Word for word, repeat the data that follows. Do not include the pictures.

Supplied material: Begin

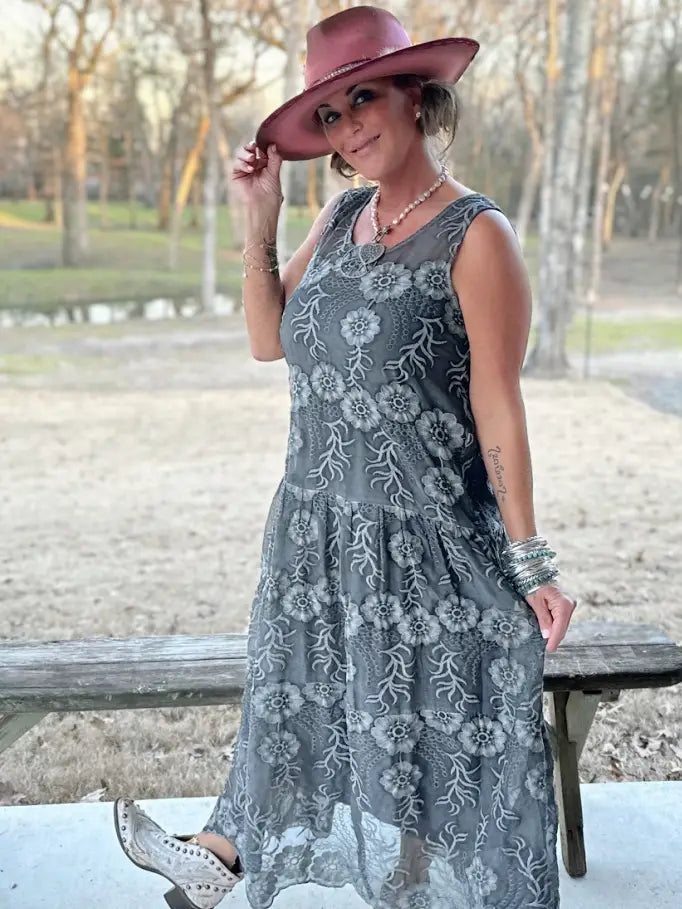 Garden Bliss Dress, Vintage Stone O/S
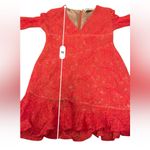 Stylestalker RTR Ari Red Lace V Neck Half Sleeve Sheath Mini Dress Sz M Photo 11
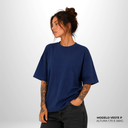 Camiseta Boxy Pionera Azul Marinho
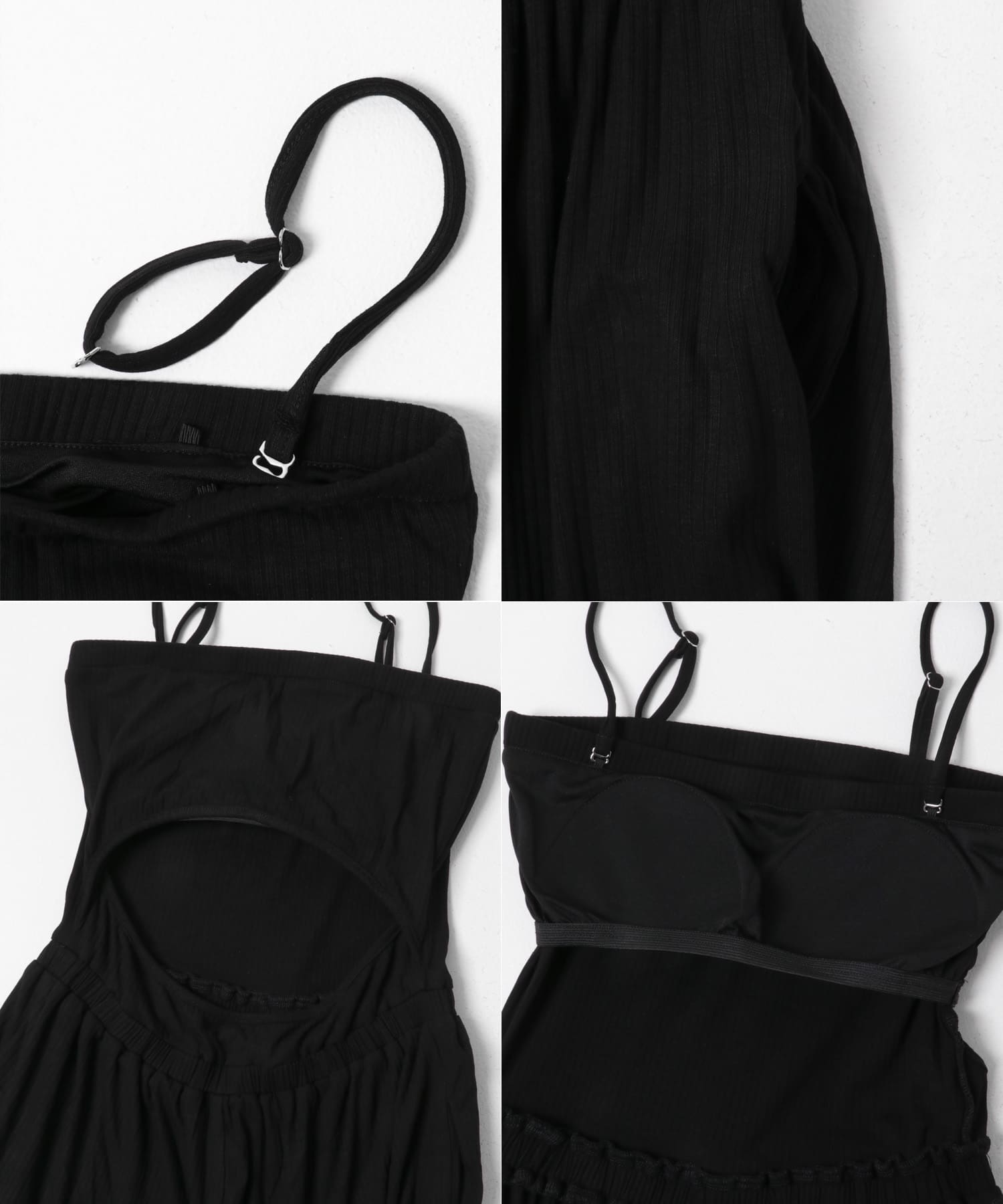 GLASSY SEA　バックデザインオールインワン BLACK Free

Supplied material: End

**Your response**
 Garden Bliss Dress, Vintage Stone O/S
 Stylestalker RTR Ari Red Lace V Neck Half Sleeve Sheath Mini Dress Sz M Photo 11
 Camiseta Boxy Pionera Azul Marinho
 GLASSY SEA　バックデザインオールインワン BLACK Free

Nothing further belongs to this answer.